Microsoft (again) took aim at Google’s YouTube app policies, arguing in a blog post that “we think it’s clear that Google just doesn’t want Windows Phone users to have the same experience as Android and Apple users, and their objections are nothing other than excuses”.

In a blog post attributed to David Howard, corporate VP and deputy general counsel, litigation and antitrust at Microsoft, the IT giant said that there was “one sticking point” in its work with Google: a requirement to work with HTML5.

“At the end of the day, experts from both companies recognised that building a YouTube app based on HTML5 would be technically difficult and time consuming, which is why we assume YouTube has not yet made the conversion for its iPhone and Android apps,” he said.

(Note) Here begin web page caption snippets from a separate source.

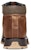 Fendi But Kulit Bertali Jari Bulat Boot Pendek 'Brown Fashion' 7U1575ALIOF1JF5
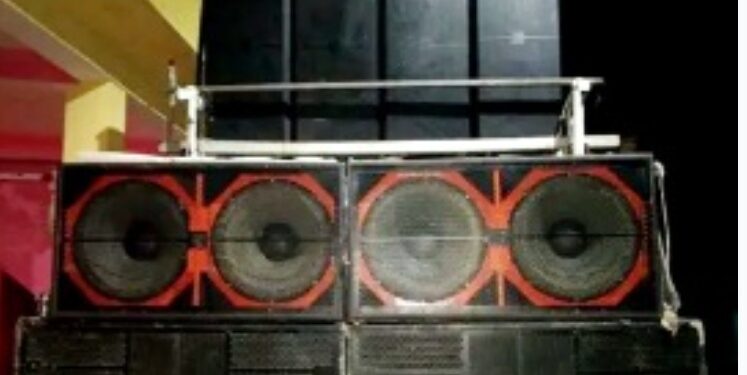 सावधान आवाज वाढवला तर : नंदुरबार जिल्हा पोलीस दलाची DJ सिस्टीम धरकांवर धडक कारवाई, 29 हजार रुपये दंड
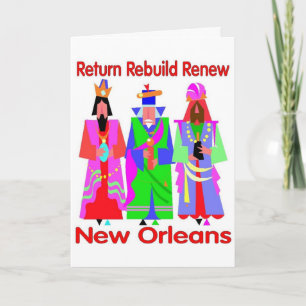 Rebuild New Orleans Karte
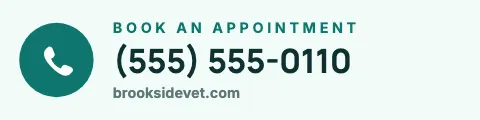 Veterinary clinic call icon sign rider template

For that reason, it published a new, non-HTML5 app, “while committing to work with Google long-term on an app based on HTML5,” which Google has subsequently blocked.

The comments come after a long-running dispute between the two, which appeared to have been settled in May 2013, with the two agreeing to work together on a YouTube app for Windows Phone. Google had previously said that Microsoft’s app supporting the video service did not comply with the YouTube terms of service, including in the way ads are served, while Microsoft said that Google had blocked access to metadata needed to improve it.

Howard said: “It seems to us that Google’s reasons for blocking our app are manufactured so that we can’t give our users the same experience Android and iPhone users are getting. The roadblocks Google has set up are impossible to overcome, and they know it.”

“In the meantime, we once again request that Google stop blocking our YouTube app,” he concluded.